Ses héros s’apparentent volontiers à ceux qui ont sa sympathie, les androïdes, les robots, les créatures synthétique. Il collectionne des figurines, se constitue à travers elles un univers qui le rassure. La nouvelle de Philipp K.Dick qui a inspiré le Blade Runner de Ridley Scott, Les androïdes rêvent-ils de moutons électriques ? fut un choc esthétique pour lui. Il se penche avec curiosité et empathie sur les otaku japonais, ces êtres qui vivent avec des poupées parce qu’ils se sentent incapables de communiquer avec les autres.
Chan aspire à concevoir un corps qui ne serait plus humain, un corps pour un corps. Les poupées érotiques, avec le luxe de détails dont elles sont composées, le fascinent. Avec ces poupées, chères aux otaku l’homme peut trouve un – ou une – partenaire avec lequel il ose ce qu’il ne risquerait pas avec un de ses semblables. Il peut aller au-delà de tous ses phantasmes : on est vraiment soi-même que lorsqu’on est seul. « Avec un être humain, disent les otaku, il faut toujours prendre en compte les sentiments de l’autre n’est-ce pas ? Ça, c’est épuisant. L’amour à sens unique, c’est mieux. »
Pas de commandes : il n’ambitionne de dessiner que les gens qu’il aime, il n’a pas envie qu’une énergie négative interfère avec la sienne. Son monde virtuel, il se le construit avec ses propres dessins, sans prétention d’apporter quelque chose d’original. Non, il ne va pas faire bouger le monde de l’Art : sa création n’est que l’illustration de son monde à lui.
L’ascèse du vide… Chan l’a sans doute recueillie de sa culture orientale. Né à Londres, mais ayant vécu son enfance à Hong Kong, il a d’abord de renié toute son ascendance chinoise quand il est revenu en France. Puis, soudain, à l’adolescence, il est revenu irrésistiblement vers ses racines et va périodiquement puiser en Asie un renouveau d’énergie.

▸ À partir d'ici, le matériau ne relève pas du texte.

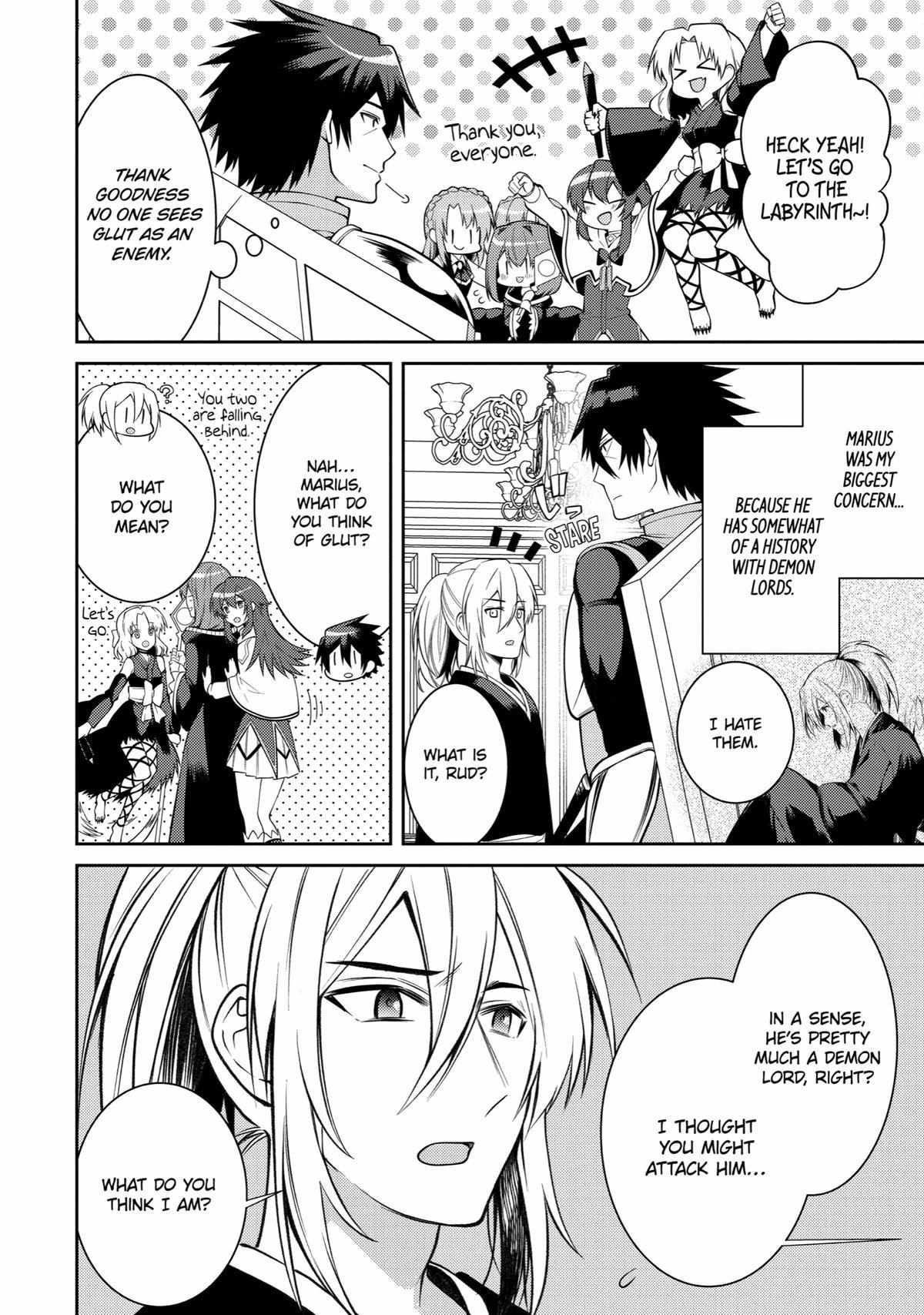 Page 21 of Chapter 38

Cette ascèse-là, il la répète dans les silhouettes de ses personnages, plages blanches inscrites entre le torse et le coude replié d’un nu, ou bien blancs qu’il laisse le long des muscles d’une cuisse. Ces vides-là se reportent à ceux de l’écriture chinoise où le blanc est aussi significatif que le trait tracé.
Le dessin de Chan, c’est un idéogramme où l’espace vide parle à travers ses courbes.
Olivier GÉRARD, 2011.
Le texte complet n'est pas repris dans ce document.